Carlos L. Escalera

Personal information
- Born: June 26, 1979 Mayagüez, Puerto Rico
- Listed height: 6 ft 3 in (1.91 m)
- Listed weight: 210 lb (95 kg)

Career information
- College: MSSU
- NBA draft: 2004: undrafted
- Playing career: 2006–present
- Position: Shooting guard

Career highlights
- BSN Most Valuable Player (2003);

= Carlos Escalera =

Puerto Rican basketball player (born 1979)

Carlos Escalera (born June 26, 1979 in Mayagüez) is a Puerto Rican professional basketball player. Escalera has played in the American Basketball Association (ABA) and the National Superior Basketball League of Puerto Rico (BSN) with Mets de Guaynabo, Taínos de Mayagüez, Aguadilla Tiburones, Maratonistas de Coamo, and Vaqueros de Bayamón and Capitanes de Arecibo.

==Brief Biography==
Escalera studied at the Bayamon Military Academy in Bayamón, Puerto Rico.
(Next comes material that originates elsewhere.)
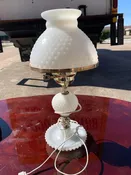 Antique Hobnail Milk Glass Table Secretary Lamp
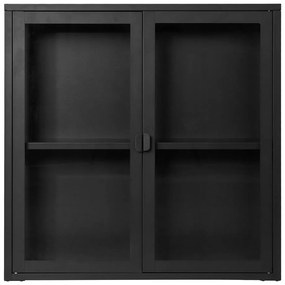 Čierna kovová závesná vitrína 80x80 cm Brisbane – House Nordic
Escalera played in the National Superior Basketball League of Puerto Rico since 1997. In 2003 he was the Most Valuable Player for the BSN averaging 25.4 PPG, 4.2 RPG, and 2.9 APG for the Coamo Marathon Runners. For the past six years in Puerto Rico, he has averaged over 17 points per game. In four of those seasons, he shot over 50 percent from the field.

Escalera, scored 42 points in the Miami Tropics first-ever game in the ABA.

Escalera is the half-brother of former University of Miami star Guillermo Diaz.